++++ Data extracts

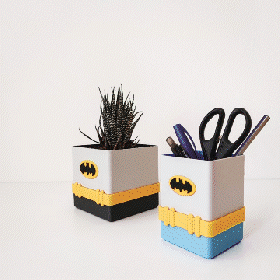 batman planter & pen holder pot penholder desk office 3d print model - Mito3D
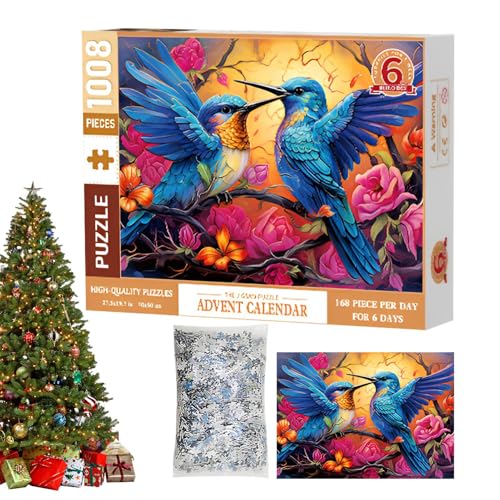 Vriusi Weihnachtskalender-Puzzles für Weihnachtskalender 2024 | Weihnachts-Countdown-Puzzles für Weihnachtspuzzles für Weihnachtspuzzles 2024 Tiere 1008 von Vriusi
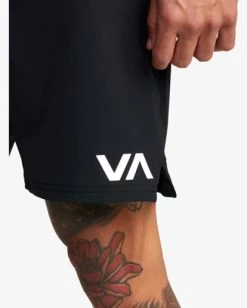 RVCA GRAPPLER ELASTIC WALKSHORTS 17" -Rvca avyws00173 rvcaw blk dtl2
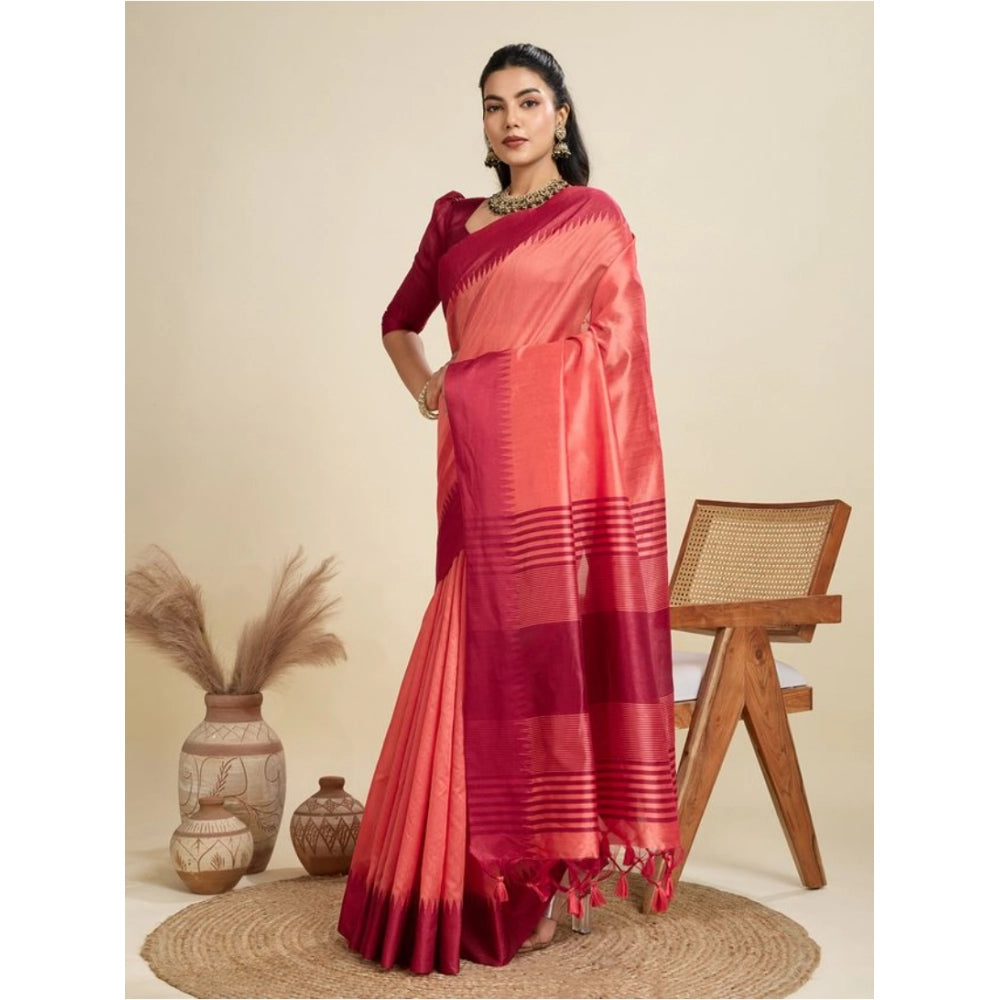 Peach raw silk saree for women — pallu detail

++++++++
++++ Data extracts

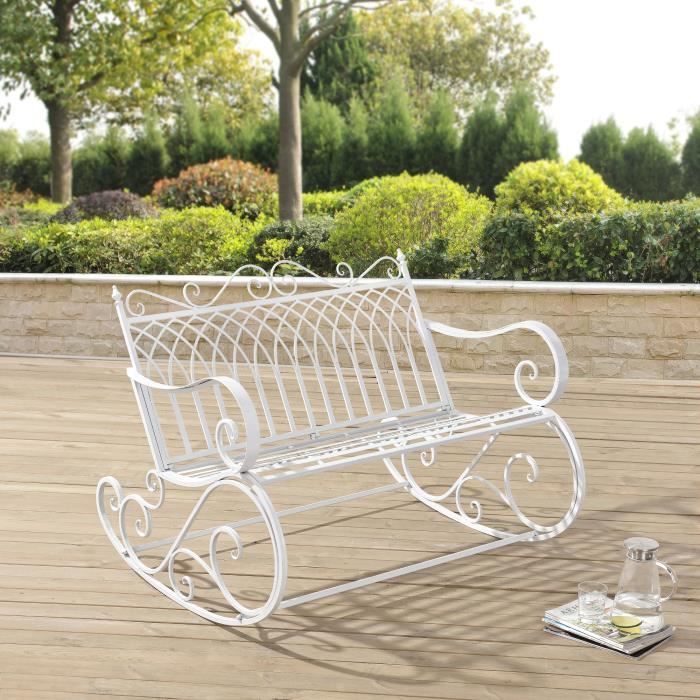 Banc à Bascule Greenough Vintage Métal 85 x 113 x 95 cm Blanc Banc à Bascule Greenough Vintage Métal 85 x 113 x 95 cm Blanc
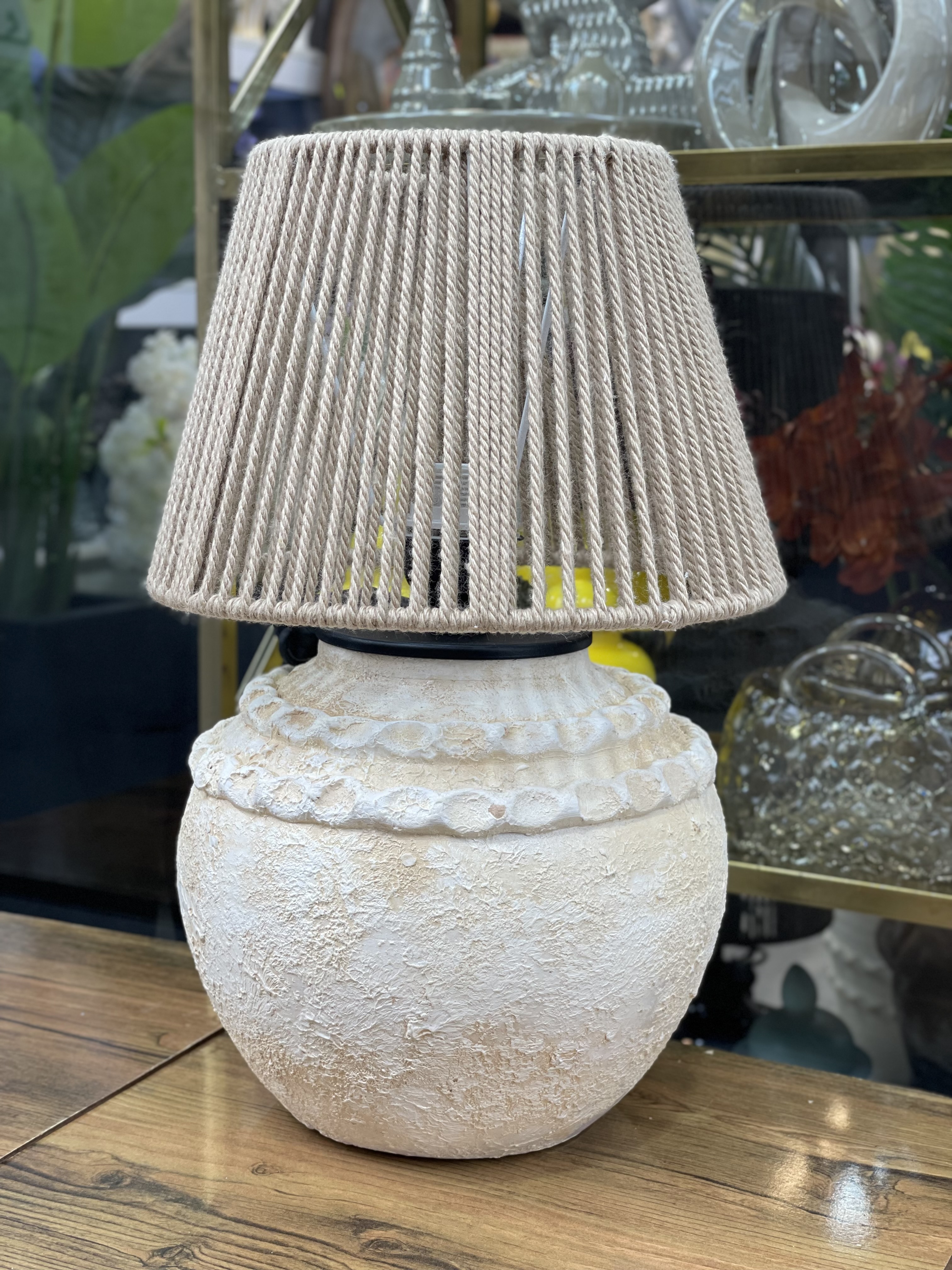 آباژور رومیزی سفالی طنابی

++++++++

* _Task requirements_: Your reply should hold nothing but the lines above, from the one containing "RVCA GRAPPLER ELASTIC" to the one containing "Peach raw silk", reproduced exactly minus the pictures.

* _Worked solution_:
 RVCA GRAPPLER ELASTIC WALKSHORTS 17" -Rvca avyws00173 rvcaw blk dtl2
 Peach raw silk saree for women — pallu detail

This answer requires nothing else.